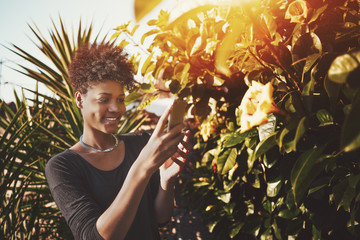 Smiling young African American lady with curly afro hair is taking picture or video via her cellphone for social network stories of beautiful flower buds on sunny summer day in the garden or city park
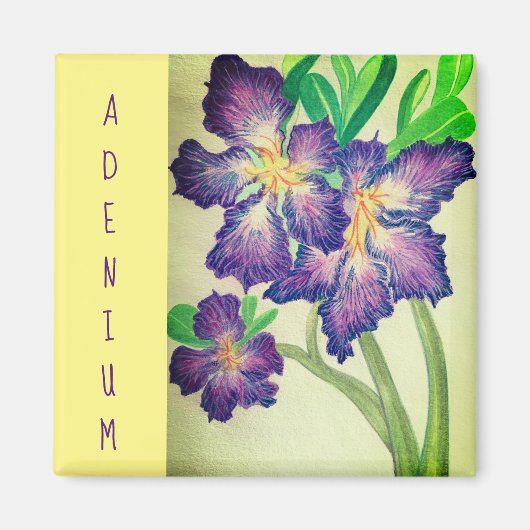 腺膜 マグネット (正面)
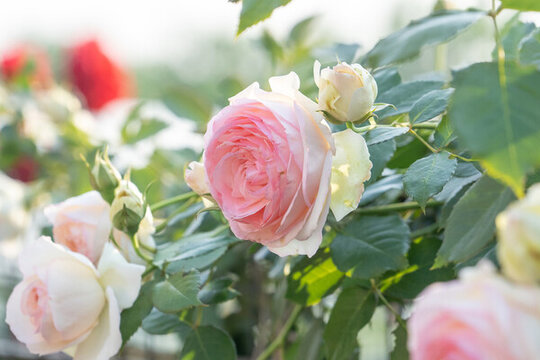 薔薇花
-- -- --
» **Activity**: Without including any picture, write out the material above verbatim.

» **Exercise response**:
 Smiling young African American lady with curly afro hair is taking picture or video via her cellphone for social network stories of beautiful flower buds on sunny summer day in the garden or city park
 腺膜 マグネット (正面)
 薔薇花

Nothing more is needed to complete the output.